Karolka miejmy nadzieję że któryś z sposobów pomoże, wlaśnie zastanawiam się nad stosowaniem owych kapturków sylikonowych- czy zalecacie kupić je zawczasu czy dopiero póżniej no i jakie polecacie??? Oj to karmienie to dla mnie wielka niewiadoma ale uwazam że mleko modyfikowane to nie jest największe zło świata naszego więc zobaczymy:sorry2:
 
Cześć dziweczyny! u mnie pogoda śliczna słoneczko świeci więc pranko zrobilam w mieszkanku porzadeczek a mój synek dzisiaj na rajdzie szkolnym bo odrabiaja 10 listopada i dzisiaj szedł do szkoły zaprowadzilam go na 9.00 a o 12.00 musze go odebrc, siedze sama w domku i się nudze i cialgle mnie nachodza myśli że to już nie długo ale i tak mi się dłuży bo tak szczerze mówiąć to mam dosyc. Nic nie można zrobić tak jakby się chciało i wogóle poprostu ciężko. Już bym chciała żeby było po wszytskim a wiki byłajuz ze mną, największą moją obawą co do porodu to nie jest ból bo sie da przeżyc ale czy z małą bedzie wszytko ok. Pozdrawiam wszystkie mamusie i ich pociechy i te wieksze i te w brzuszkach.:-)
 
Witam

A mnie wraz z pogodą nerwy dopadły... Czuję się lepiej od dwóch dni i mam taką energię, a tu leżeć trzeba. Wszystko mnie wkurza. Jestem raczej osobą towarzyską i bardzo lubię w weekendy gdzieś wychodzić, a tu d.... w domu trzeba siedzieć. Poza tym ciężko z brzuchem się poruszać i już nie mogę się doczekać jak wrócę do normalnych ubrań i normalnego poruszania się.

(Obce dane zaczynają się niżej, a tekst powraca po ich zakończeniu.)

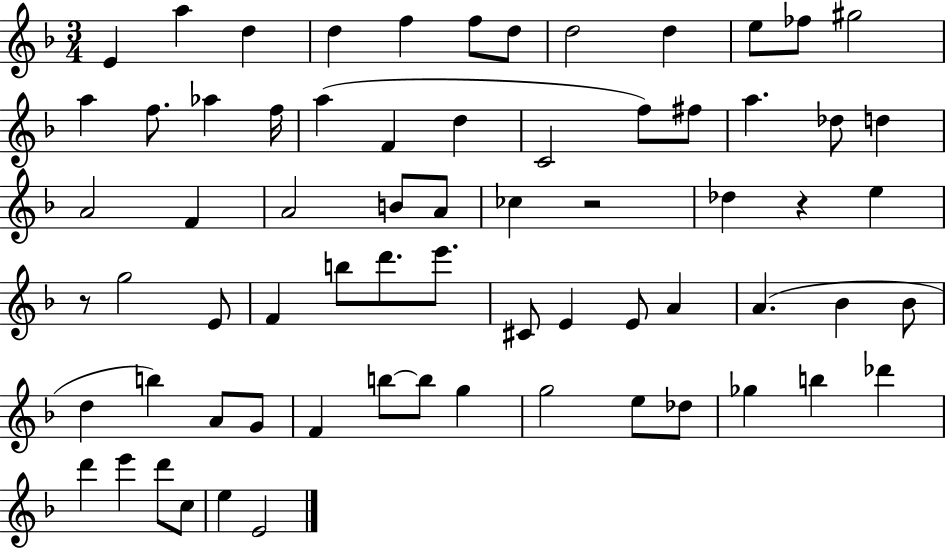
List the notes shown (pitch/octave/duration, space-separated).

E4/q A5/q D5/q D5/q F5/q F5/e D5/e D5/h D5/q E5/e FES5/e G#5/h A5/q F5/e. Ab5/q F5/s A5/q F4/q D5/q C4/h F5/e F#5/e A5/q. Db5/e D5/q A4/h F4/q A4/h B4/e A4/e CES5/q R/h Db5/q R/q E5/q R/e G5/h E4/e F4/q B5/e D6/e. E6/e. C#4/e E4/q E4/e A4/q A4/q. Bb4/q Bb4/e D5/q B5/q A4/e G4/e F4/q B5/e B5/e G5/q G5/h E5/e Db5/e Gb5/q B5/q Db6/q D6/q E6/q D6/e C5/e E5/q E4/h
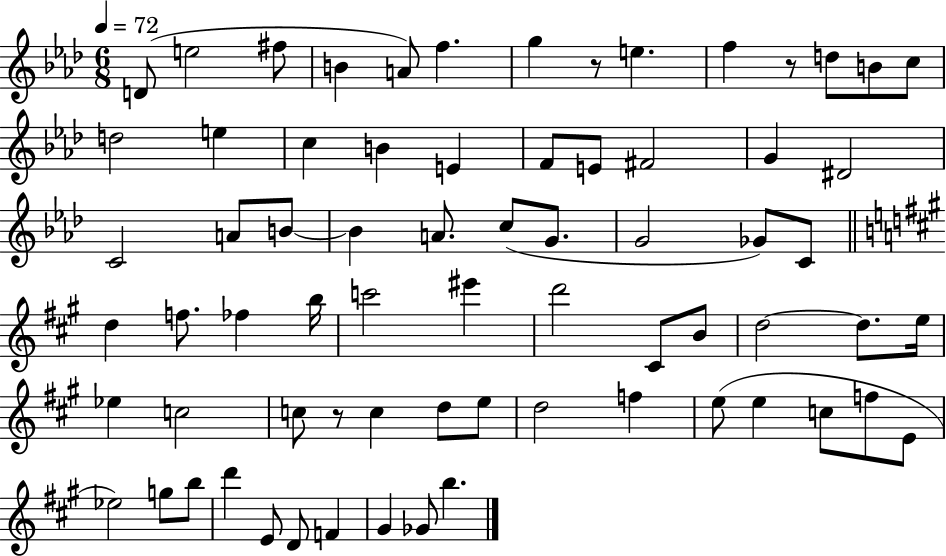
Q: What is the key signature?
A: AES major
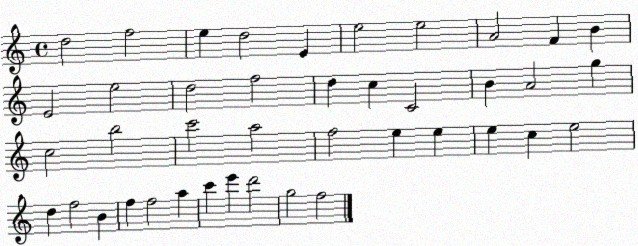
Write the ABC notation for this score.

X:1
T:Untitled
M:4/4
L:1/4
K:C
d2 f2 e d2 E e2 e2 A2 F B E2 e2 d2 f2 d c C2 B A2 g c2 b2 c'2 a2 f2 e e e c e2 d f2 B f f2 a c' e' d'2 g2 f2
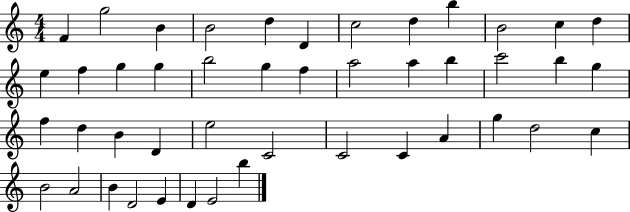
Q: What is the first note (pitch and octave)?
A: F4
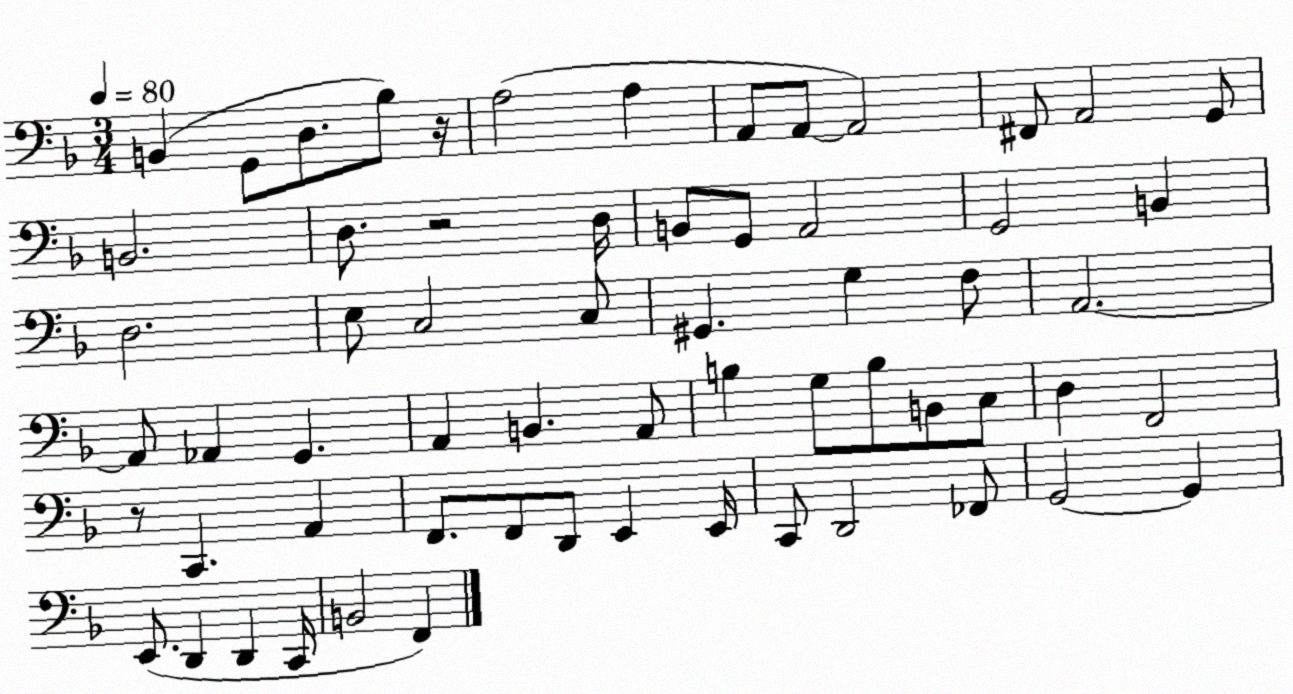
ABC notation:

X:1
T:Untitled
M:3/4
L:1/4
K:F
B,, G,,/2 D,/2 _B,/2 z/4 A,2 A, A,,/2 A,,/2 A,,2 ^F,,/2 A,,2 G,,/2 B,,2 D,/2 z2 D,/4 B,,/2 G,,/2 A,,2 G,,2 B,, D,2 E,/2 C,2 C,/2 ^G,, G, F,/2 A,,2 A,,/2 _A,, G,, A,, B,, A,,/2 B, G,/2 B,/2 B,,/2 C,/2 D, F,,2 z/2 C,, A,, F,,/2 F,,/2 D,,/2 E,, E,,/4 C,,/2 D,,2 _F,,/2 G,,2 G,, E,,/2 D,, D,, C,,/4 B,,2 F,,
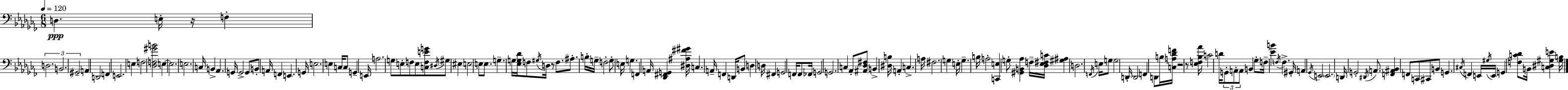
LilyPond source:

{
  \clef bass
  \numericTimeSignature
  \time 6/8
  \key aes \minor
  \tempo 4 = 120
  d4.\ppp e16-. r16 f4-. | \tuplet 3/2 { d2. | b,2. | gis,2-- } a,4 | \break d,2 f,4 | e,2. | e4 f2 | <des f gis' b'>2 e4~~ | \break e2. | e2. | c16 b,4-> aes,4. g,16 | g,2-> g,8 b,8-. | \break a,16 f,4 e,4. g,16 | e2. | e4 c16 c8 g,4-- e,16 | a2. | \break g8 e8-. f8 e8 <c f e' g'>8 \acciaccatura { dis16 } gis8 | eis4 e2 | e8 e8. g4.-- | g16 <ees g des'>16 f8 \acciaccatura { gis16 } d16 r8 f8. ais8.-. | \break b16-. g16-- f2-. | g8-. e16 g4. f,4 | a,16 <des, fis, g,>4 <dis ais fis' gis'>16 c4. | a,16-- f,4 d,16 b,8 d4 | \break d16 fis,4 g,2 | f,16 f,8 fes,16 g,2 | g,2. | c4 aes,8-. <ais, des fis>8 b,4-> | \break <dis b>16 a,4-. c4.-> | a16 fis2. | g4 e16-. g4.-- | b16 a2-. <c, e>4 | \break g8-. <gis, b, aes>4 f16-- <des ees fis c'>16 <gis ais>4 | d2. | \acciaccatura { f,16 } e16 g8 g2 | d,16-. d,2 f,4 | \break d,8 b16 <c a des' f'>16 r2 | r8 <ees f bes aes'>16 c'2 | d'16 \tuplet 3/2 { g,8-. a,8-. a,8 } b,4 | ges8-. f16-- <ees' b'>4 \acciaccatura { f16 } f4.-> | \break gis,16-. a,4 \acciaccatura { ges,16 } e,2 | \parenthesize e,2. | d,16 g,2-. | \acciaccatura { dis,16 } a,8. <f, ais, bes,>4 f,8 | \break c,8 cis,8 b,8 g,4. | \acciaccatura { cis16 } f,4 e,16 \acciaccatura { gis16 } e,16 g,4 | <f c' des'>8 b,16 <c dis gis e'>4 <gis b>16 \bar "|."
}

Brakuje mi również towarzystwa. Rodzina i R powoli przestają mi wystarczać. Ale bym poszła na piwo ze znajomymi.
Echhhhh.... Bez sensu...
Musiałam się wyskarżyć tutaj, bo raczej nie mam gdzie. :( Może mi trochę przejdzie...

Dziewczyny życzę uśmiechu w ten piękny dzień
 
reklama
Myślę, że kapturki można kupić jakby były problemy z karmieniem - są teraz chyba w każdej aptece. Nie ma co robić zapasów, bo większość kobiet przecież karmi bez nich. Ja miałam problem , bo rodziłam w Wigilię i była tylko jedna dyżurna apteka. U mnie sprawdziły się z aventu rozmiar regular (normal).